American Opportunity Credit denied

I think I figured out a solution.  I am not sure why Turbo Tax wasn't doing this automatically.  I needed to switch to FORMS view rather than step-by-step and enter the amount $4,000 on line 17 of Part VI of the Student Information worksheet saying that my husband and I are claiming that amount as a credit on our taxes.  I'm pretty sure then that my son will have to pay a tax on any amount that he received from his MI-529 that exceeded his 2019 qualified educational expenses (and I actually think the tax relates to the EARNINGS portion of the withdrawal...not the initial contribution of after tax dollars we put into the account).  But the tax will be rather small and we are happy to pay it as long as we can still get the AOC.  Note for other users who may encounter this problem: I did learn about the override feature on the forms, but I was able to enter the $4,00 credit into line 17, column 1 without having to do an override.

American Opportunity Credit denied

The 1099-Q has my son's social security number on it.  But I entered the information on my husband's and my taxes because of the way the Turbo Tax Prompt's are set in the education credits area.  

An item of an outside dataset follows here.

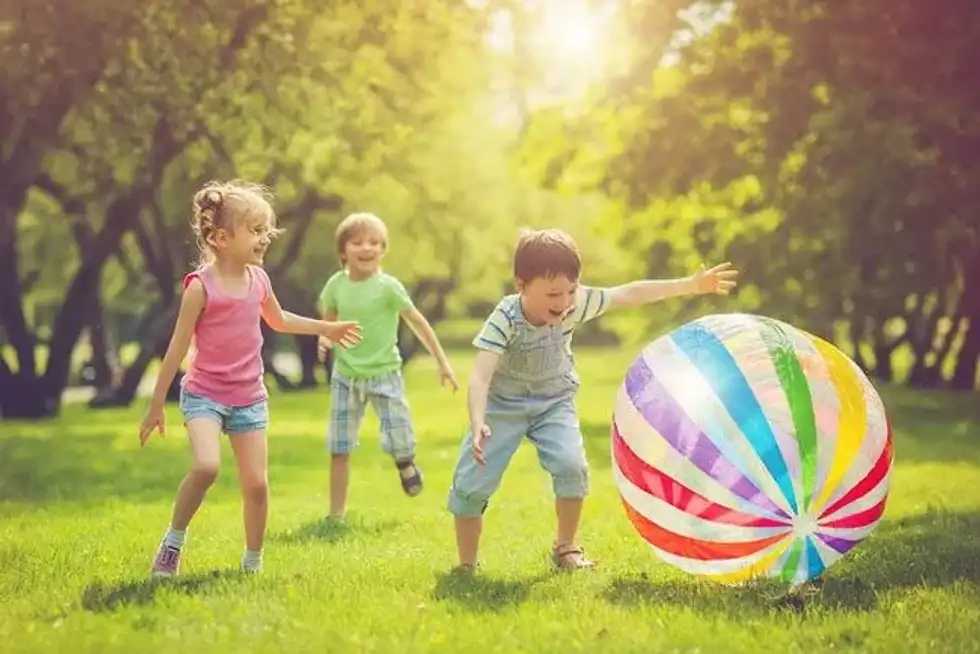 Children playing with a giant inflatable ball outside.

American Opportunity Credit denied

@hsvegmama - nope , that 1099Q the needs to go on the return related to the social security number on it.  

 

if the higher qualified expenses exceeds Box 1 of the 1099Q, you don't even need to file it.  this could be the case as the payment went directly to the school and presumably paying off a statement that was all higher educational qualified expenses (do need to be careful of double dipping though).   

 

this is to your advantage as if there aren't enough qualified expenses, your son gets taxed on a portion of Box 2 earnings as HIS tax rate and not yours.  and quite possibly his income is low enough there is no tax to be paid.  he doesn't even need to file a tax return if a) he had no tax withholdings AND b) his total income is less than earned income +$350* OR $12,200, whichever is lower.   Anything that is taxable from Box 2 is considered 'earned income' while interest, dividends and capital gains is considered 'unearned' income. 

 

and you are correct any income is a portion of the BOX 2 earnings as what is in Box 3 was originally sent to the 529 plan as after tax dollars. 

 

 * this confuses some, let's say my child earns $8000 at a summer job and has $1,000 from the 1099Q and he has dividends from stocks in his name that are $400.   Then $9600 (total income) is not lower than 9350 (earned income + $350) so he is required to file.